Occasion Serendipity
Serendipity comes about when you’re in motion, when you’re doing stuff. Serendipitous network intelligence turns up in similar ways—when you’re engaging people. If you’re in touch and top of mind, someone may forward an email with information that’s relevant just because they’re thinking of you.
Just as there are things you can do to court serendipity, there are ways to court serendipitous intelligence. Keep a few general questions in your back pocket to ask people in these kinds of situations or settings. A back-pocket question could be as broad as “What’s the most interesting thing you’ve learned over the past few months?”, or as targeted as “Have you come across any awesome entrepreneurs or start-ups that I should invest in?
Finally, pushing interesting information out to your network increases your chances of serendipitous intelligence. Post an article, email a quote, forward along a job offer, and in other ways share small gifts to your network. Your friends will appreciate it, and you will increase the chances that those same people respond in kind and send you intelligence later on.

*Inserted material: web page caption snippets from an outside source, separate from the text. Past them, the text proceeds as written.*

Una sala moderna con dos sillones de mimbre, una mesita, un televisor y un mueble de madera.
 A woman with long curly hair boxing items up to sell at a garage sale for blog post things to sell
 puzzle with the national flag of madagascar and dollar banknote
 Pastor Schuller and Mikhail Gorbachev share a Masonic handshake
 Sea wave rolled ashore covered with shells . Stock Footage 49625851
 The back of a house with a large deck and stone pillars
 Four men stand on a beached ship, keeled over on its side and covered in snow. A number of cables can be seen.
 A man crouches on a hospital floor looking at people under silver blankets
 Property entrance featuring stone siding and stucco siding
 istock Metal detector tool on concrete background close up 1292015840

Removing Bias from Your Network
Once you have gathered information, the next step is to analyze the validity, helpfulness, and relevance of what each person has said. Remember that everyone has biases—even your parents or best friend. It’s not that they are trying to manipulate you. It’s just the nature of being a human with personal experiences and self-interests. Bias can be obvious or nonobvious, conscious or subconscious. As you pull information and advice from various sources, think about how the person’s personal goals, ambitions, and experience might have colored their position. Bias is not reason to dismiss information or advice altogether; just account for it in your analysis.
Synthesis is the important final step. If you don’t step back and take in the big picture of all you’ve learned, it will feel like you’re worming your way through a cocktail party hearing bits and pieces of several different conversations but not able to make out anything of substance. Synthesizing what you learn involves reconciling contradictory advice and information (which is inevitable if you’re pulling multiple streams from diverse people), ignoring information you believe is completely off base, and weighing each person’s information differently. This is a complex cognitive process.